The Second World War brought good times back to Winnipeg, with increased demand for agricultural and manufactured products and because of the importance of prairie towns to the Commonwealth Air Training Program, which trained fighter and bomber pilots from many British Commonwealth. The end of the war brought a second wave of immigrants, who settled mainly in the cities , including Winnipeg. Winnipeg grew quickly, benefiting from cheap Manitoba hydro-electric power and plentiful fresh water, and its location close to the geographical centre of North America.
In 1950, the Great Red River Flood caused 80,000 to be displaced while the surging Red River overflowed its banks.

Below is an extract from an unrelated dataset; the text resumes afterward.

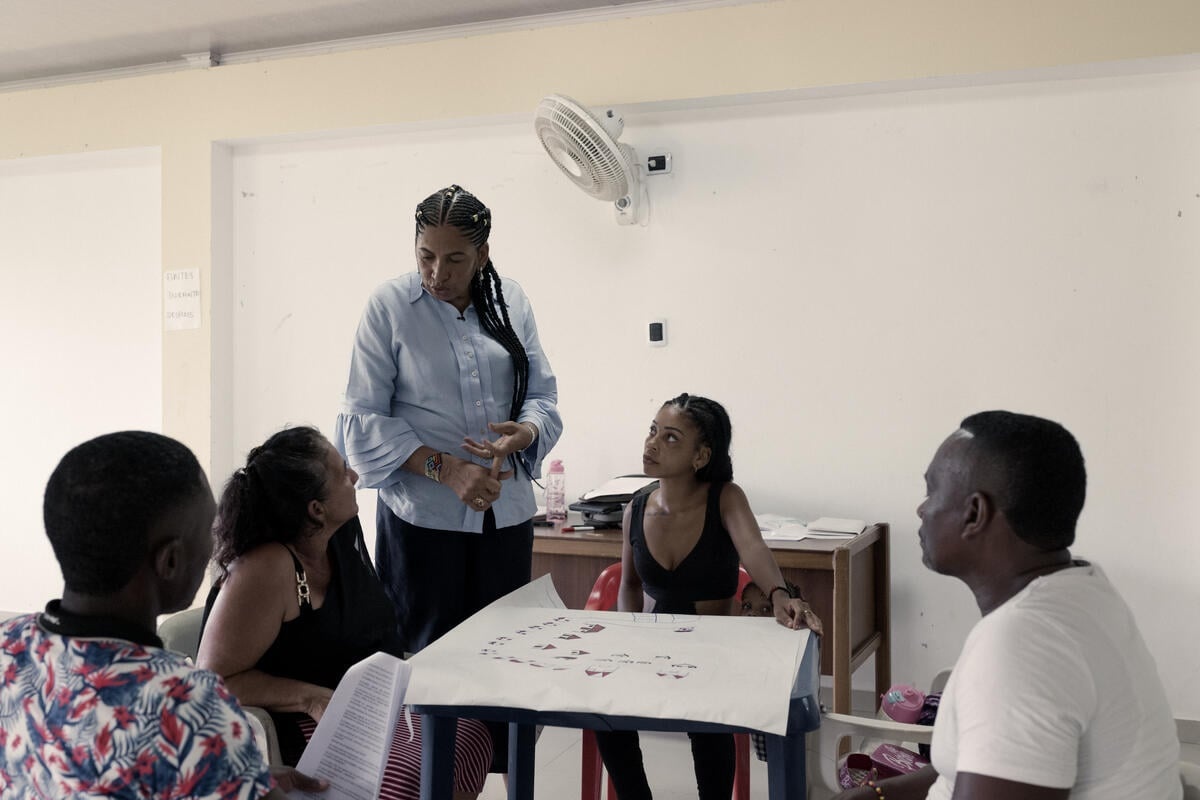 A woman talks to people sitting around a table in a classroom.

This caused the political impetus to build the great Spillway. This construction project moved 76 million cubic metres of earth along a 47 kilometre path, an amount greater than the St Lawrence Seaway or the Panama Canal. Ever since, Winnipeg has been safe (though not farmlands to the south) from the annual Red River Floods.

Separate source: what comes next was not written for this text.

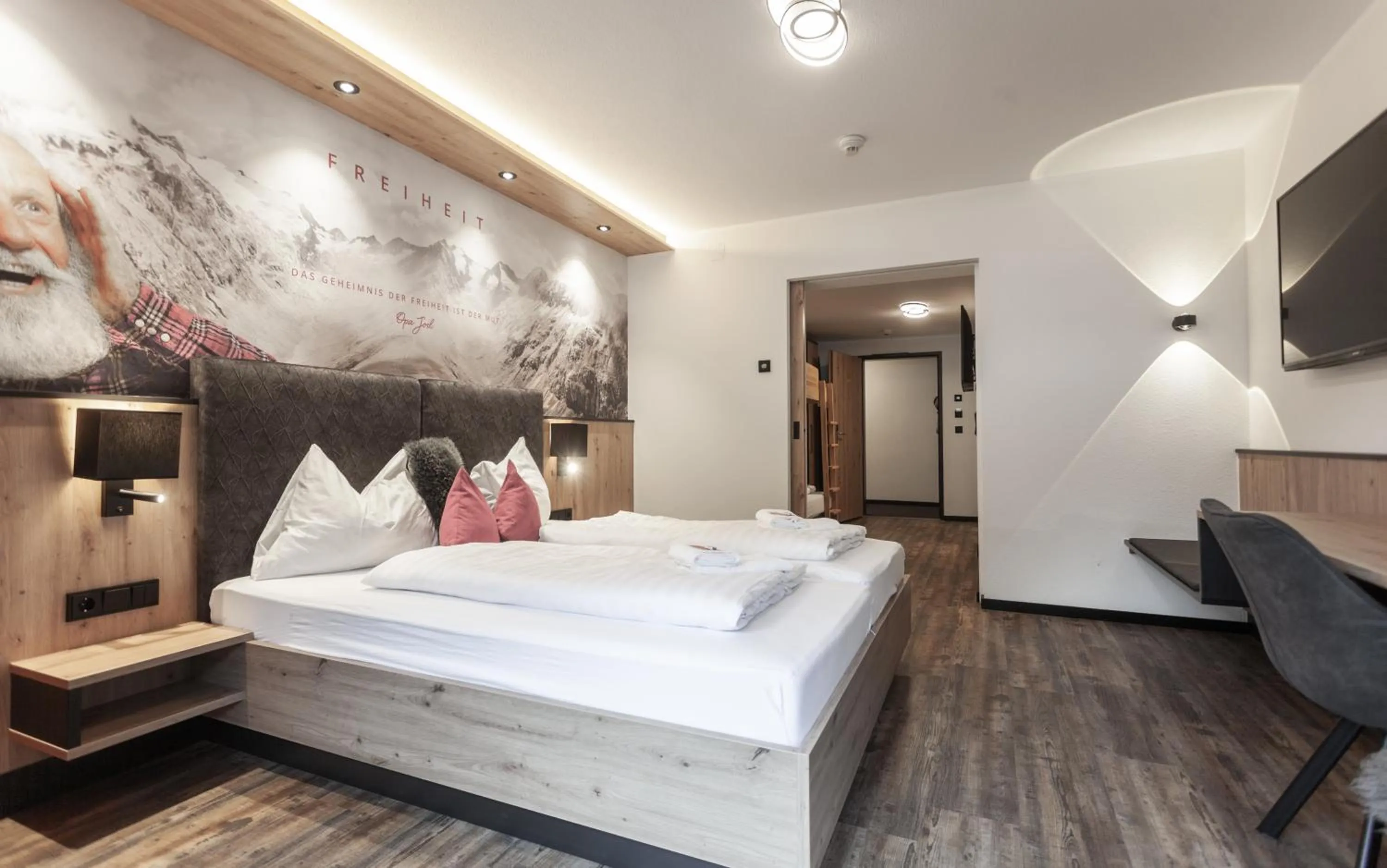 Photo of the whole room, Bed in first mountain Hotel Ötztal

In 1972, the unified City of Winnipeg was created by amalgamating 13 municipalities, towns and cities: Since then the city has grown and matured. In 1967 and again in 1999, it hosted the Pan-American Games, the third largest athletic competition in the world. The North American Free Trade Agreement has also enabled Winnipeg's industries and consumers to benefit from a trade corridor between the city and Mexico, via several large US cities.